Anyone else out there riding this train? You know, the train that travels at blinding speed, where one day disappears into the next? The train where your attention is always hyper-focused on what and whom is in front of you? Where you unthinkingly lavish your thoughts and gestures upon friends, colleagues, the grocery clerk, mom-friends, but a curiously disproportionate amount on your own mom, whom you adore and cherish and value beyond words? The train upon which your conscience whispers anxiously to you deep in the night, too late to remember in the morning, that one day your mother won’t be there to call?
Then, if you’re lucky — and recently I was — you’ll get a little wink from the universe. Mine was this: 4 Things I Want My Kids To Know About My Long-Gone Mom On Mother’s Day. This beautiful piece reminded me, in the light of day, to stand up and take in a truth I spend a lot of time avoiding: One day, my mom will die. And on that day, I will no longer have the chance to get it right.
So while there’s still time, here’s a love letter in the form of five things I want my mom to know on Mother’s Day. I hope it serves as a message from all of us distracted, in-denial children to the moms who built us, and whom we treasure.
My actions do NOT speak louder than words. Regarding why I don’t stay more connected on a regular basis? I believe to my bones that the answer is 50% this ADD life, 50% magical thinking. As long as we don’t talk, you’ll always be there to talk. And if we talk too much, stay too connected, my chances of surviving life without you plummet. In fact, by constantly waiting for the perfect time to call you that never comes, I am actually ensuring your immortality! This makes no sense. And yet, so far it seems to be working beautifully!
Why do I still act like a sullen teenager to you, even though I have my own teenagers? No idea. Just know that when I do, I hate myself. When I do, I am ashamed of my lack of self-control. When I do, I am usually struggling with those parts of myself that you are mirroring back to me. It’s the DNA gift that keeps on giving. One day, Mom, I hope to be more at peace with all parts of myself, and then I will be a nicer person. Working on it!

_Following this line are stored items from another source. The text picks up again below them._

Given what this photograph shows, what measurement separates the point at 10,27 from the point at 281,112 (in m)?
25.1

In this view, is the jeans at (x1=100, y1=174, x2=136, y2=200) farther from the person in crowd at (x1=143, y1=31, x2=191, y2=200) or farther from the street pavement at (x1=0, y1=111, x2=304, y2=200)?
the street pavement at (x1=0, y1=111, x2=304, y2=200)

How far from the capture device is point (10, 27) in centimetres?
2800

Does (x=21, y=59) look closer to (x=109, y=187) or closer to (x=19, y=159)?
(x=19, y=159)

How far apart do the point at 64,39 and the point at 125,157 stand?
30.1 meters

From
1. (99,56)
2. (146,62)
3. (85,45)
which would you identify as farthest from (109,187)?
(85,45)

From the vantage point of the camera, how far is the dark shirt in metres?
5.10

My war of independence is over. I think. All those years I greeted your advice with stony silence, hostility and/or contempt? This was me, trying to figure out how to be me without you. The older I get — and especially as a mother myself — the more I appreciate how hard it is to keep one’s mouth shut to your kids when you know better. So let the record show: Mom, I admit that you know the best brand of olive oil, the only true age-defying face cream routine, and the way to cut tomatoes. I appreciate that you keep sending me articles on the importance of sleep (and that it even causes weight gain!). And I appreciate that you’ve wanted to send me five more articles about it, and haven’t. As I age, I open. And even if I don’t always show it, I deeply appreciate your perspective and advice.
I don’t tell you how I feel enough, and here’s how I feel. I love, admire and treasure you like I will love, admire and treasure no one else. Ever. You live in my head and my heart every single day, even if we don’t talk for long stretches. Your love for me merges with my love for you, and then runs through my veins. I can’t tell you that in person. Don’t ask me why. Just read this and know it’s true.
Let’s do better. Our time together is finite. We both know that, but I don’t think we always allow ourselves to know it. We’re too busy, and that feels better. We mothers and daughters, we spin in our own worlds, proving that we function perfectly well without one another. But the truth is, my heart beats with yours, and yours with mine. So let’s take our busy-ness and expose at least some of it for what it is: protecting those hearts from breaking. Let’s take this moment, this day, to honor our love for one another. Let’s sit with the truth that all we have is now, and we are so lucky to have it. And then let’s grab our time together here on earth, while we still can.